## Stored data
* * * *
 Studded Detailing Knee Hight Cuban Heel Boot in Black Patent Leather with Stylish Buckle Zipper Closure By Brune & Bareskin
* * * *
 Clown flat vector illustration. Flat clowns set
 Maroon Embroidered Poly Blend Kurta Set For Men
* * * *
## Directions for this task
Only the lines above starting at the one containing "Clown flat vector" and ending at the one containing "Maroon Embroidered Poly", both included, are to be returned, exactly as they read.

## Exercise answer
 Clown flat vector illustration. Flat clowns set
 Maroon Embroidered Poly Blend Kurta Set For Men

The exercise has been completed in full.